[Start of section]

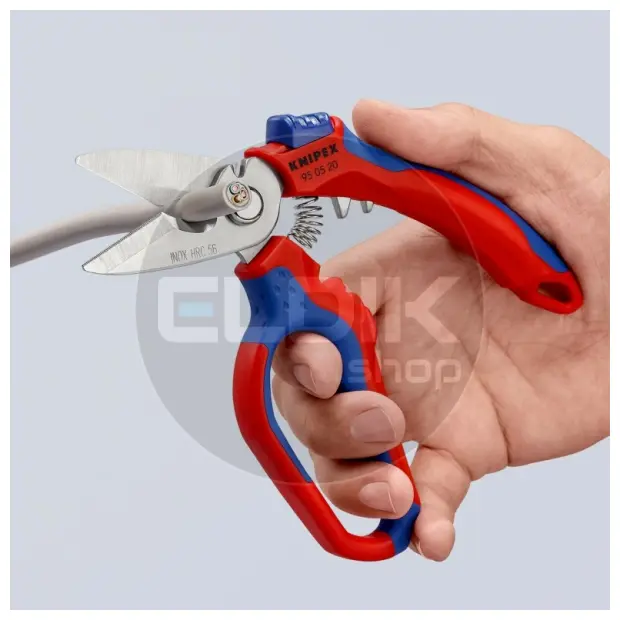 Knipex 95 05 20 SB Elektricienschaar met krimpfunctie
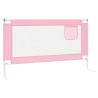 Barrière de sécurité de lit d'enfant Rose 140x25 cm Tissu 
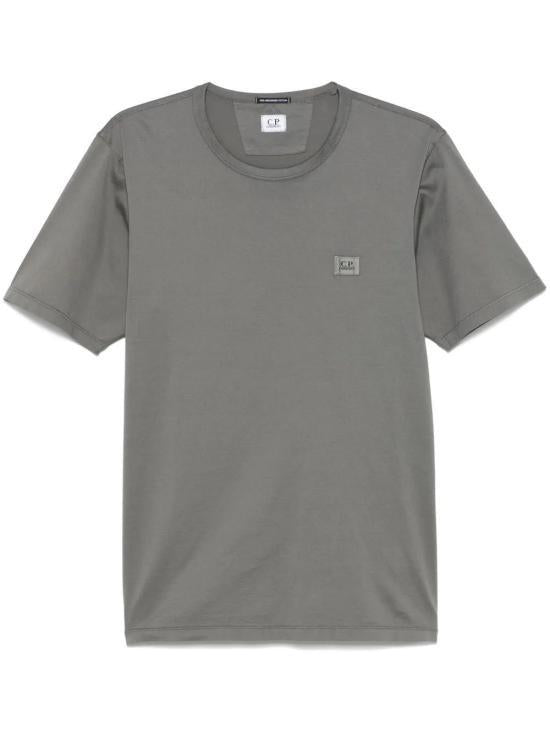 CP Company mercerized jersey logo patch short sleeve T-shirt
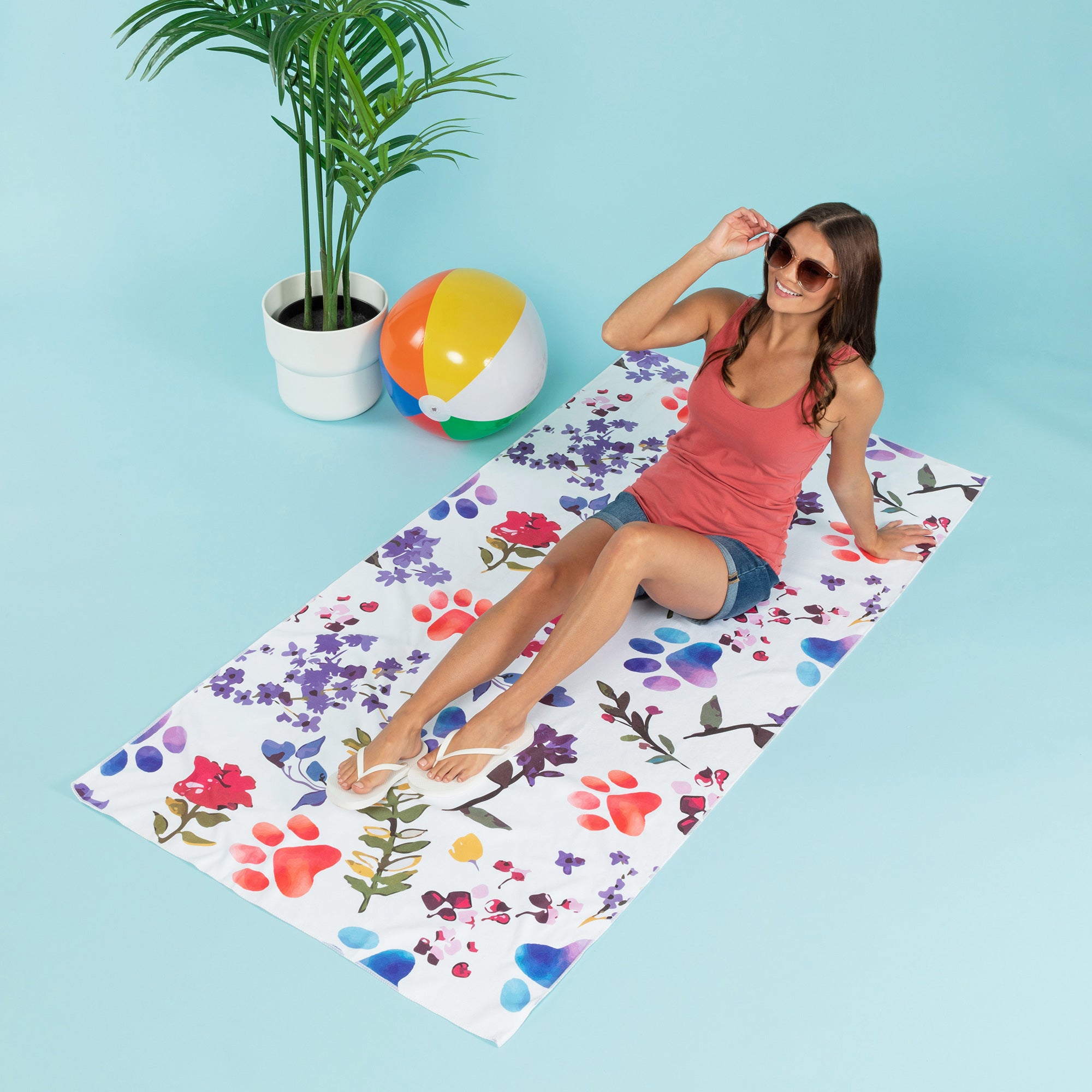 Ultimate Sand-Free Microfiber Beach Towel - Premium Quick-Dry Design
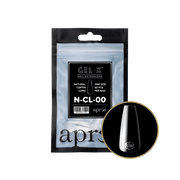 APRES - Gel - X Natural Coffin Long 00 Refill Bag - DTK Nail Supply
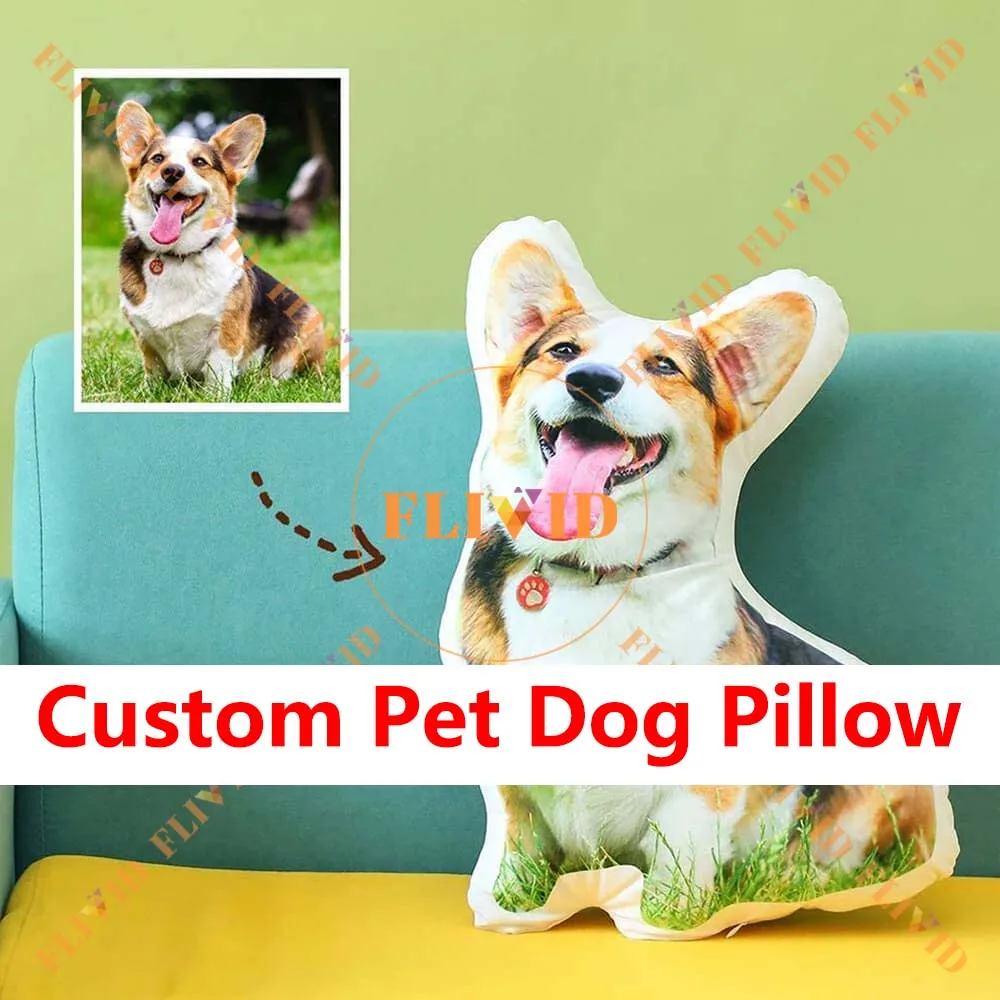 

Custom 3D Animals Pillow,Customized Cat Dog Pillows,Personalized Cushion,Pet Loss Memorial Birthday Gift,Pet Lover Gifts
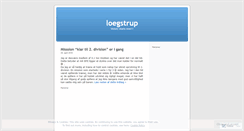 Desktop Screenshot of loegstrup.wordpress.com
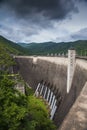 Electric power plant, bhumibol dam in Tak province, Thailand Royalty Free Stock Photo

[End of section]
[Start of section]

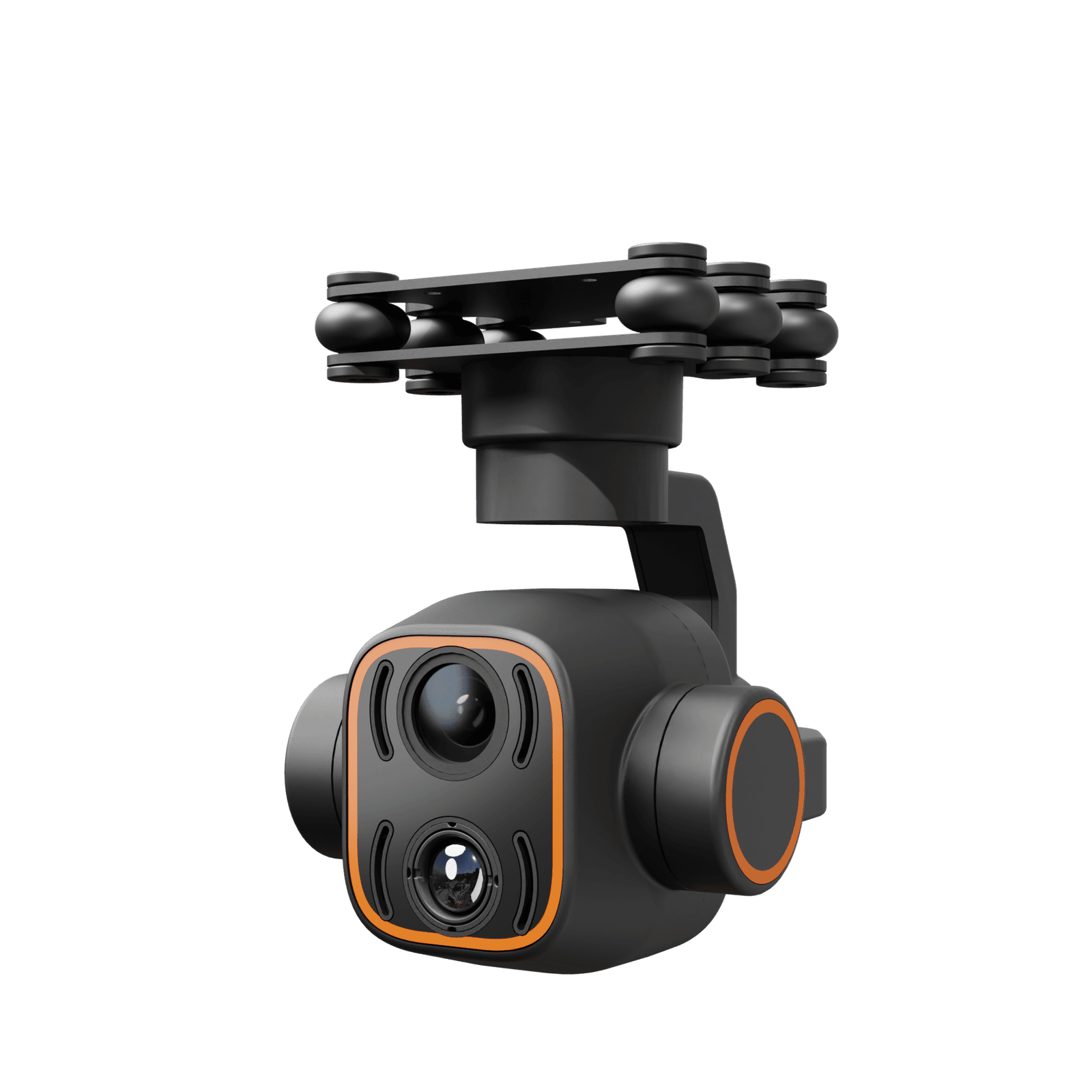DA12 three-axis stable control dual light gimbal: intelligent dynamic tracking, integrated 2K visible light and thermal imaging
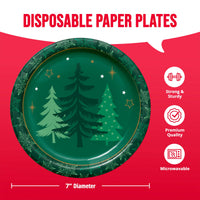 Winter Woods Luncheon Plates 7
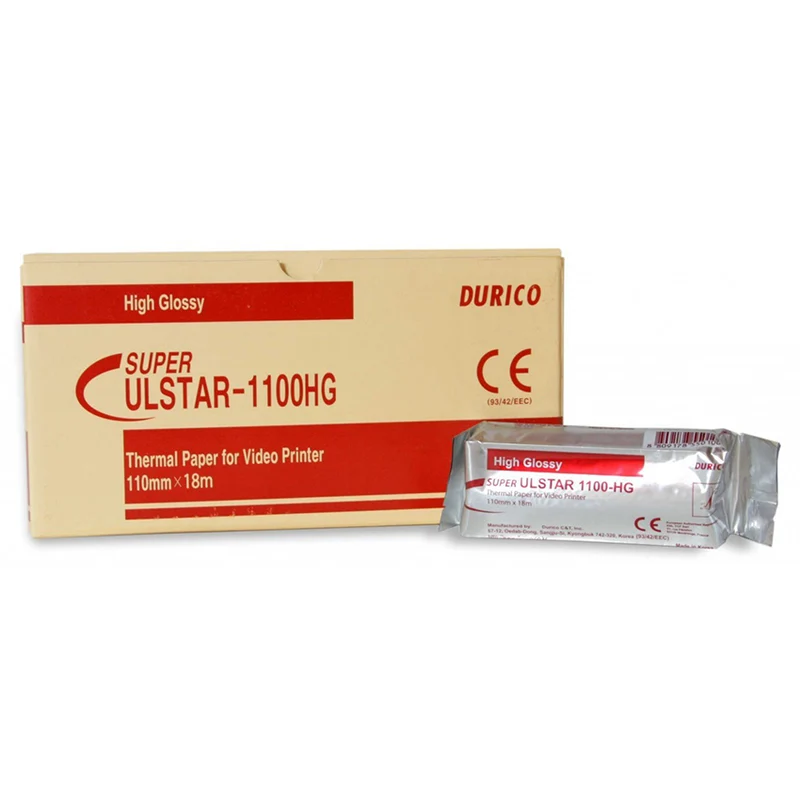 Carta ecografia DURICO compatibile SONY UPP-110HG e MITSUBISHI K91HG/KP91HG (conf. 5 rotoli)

[End of section]
[Start of section]

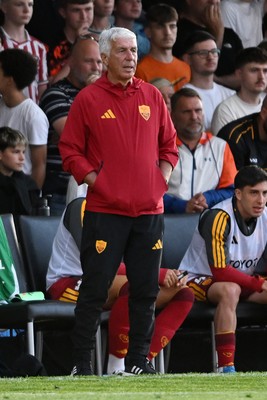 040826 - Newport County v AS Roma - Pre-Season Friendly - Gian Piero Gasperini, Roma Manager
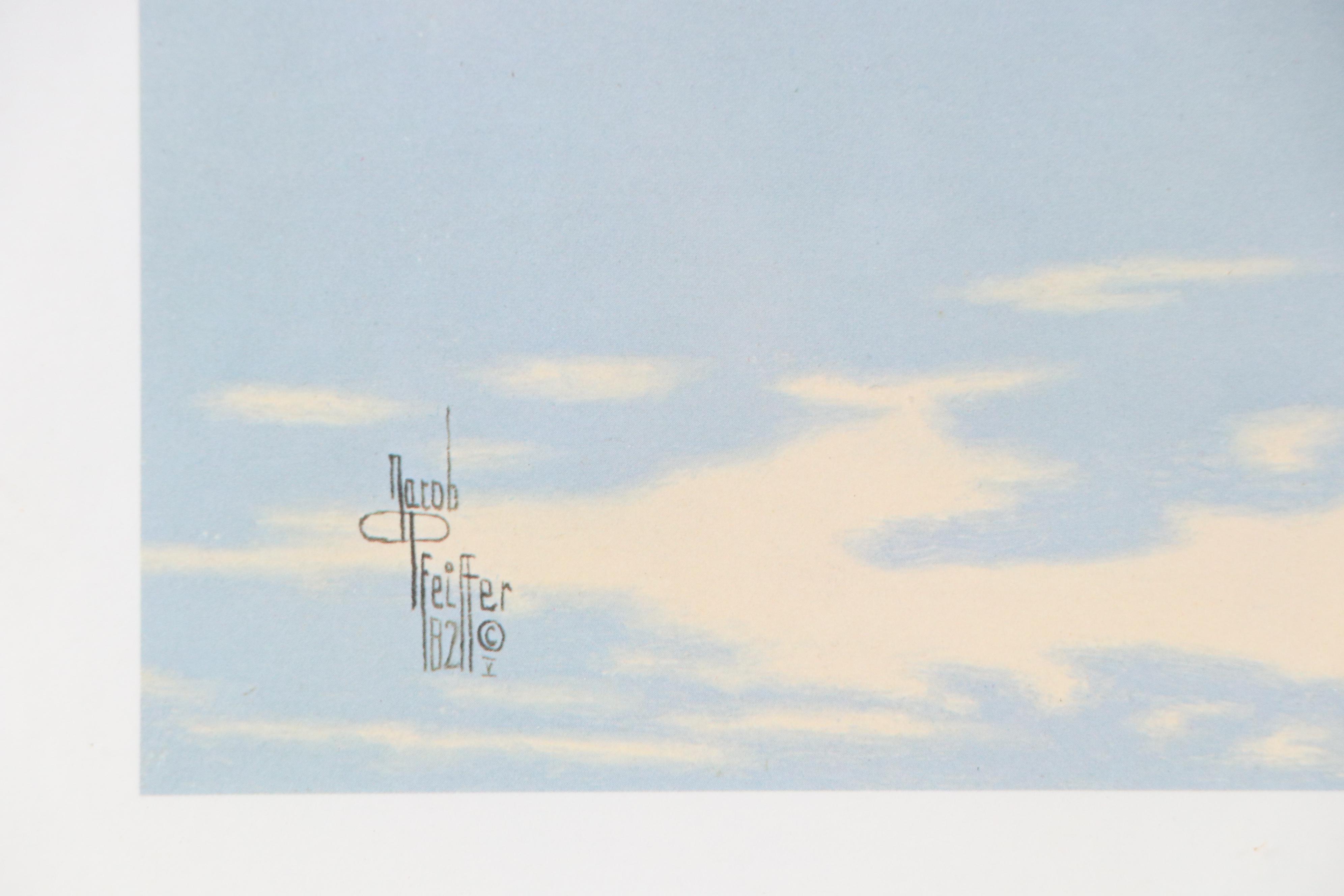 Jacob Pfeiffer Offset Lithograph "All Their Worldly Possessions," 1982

[End of section]

Exactly as written above, retype the lines starting at the one holding "Knipex 95 05" and ending at the one holding "Electric power plant, bhumibol", both included, but not the pictures.

=== Output ===
 Knipex 95 05 20 SB Elektricienschaar met krimpfunctie
 Barrière de sécurité de lit d'enfant Rose 140x25 cm Tissu 
 CP Company mercerized jersey logo patch short sleeve T-shirt
 Ultimate Sand-Free Microfiber Beach Towel - Premium Quick-Dry Design
 APRES - Gel - X Natural Coffin Long 00 Refill Bag - DTK Nail Supply

Custom 3D Animals Pillow,Customized Cat Dog Pillows,Personalized Cushion,Pet Loss Memorial Birthday Gift,Pet Lover Gifts
 Desktop Screenshot of loegstrup.wordpress.com
 Electric power plant, bhumibol dam in Tak province, Thailand Royalty Free Stock Photo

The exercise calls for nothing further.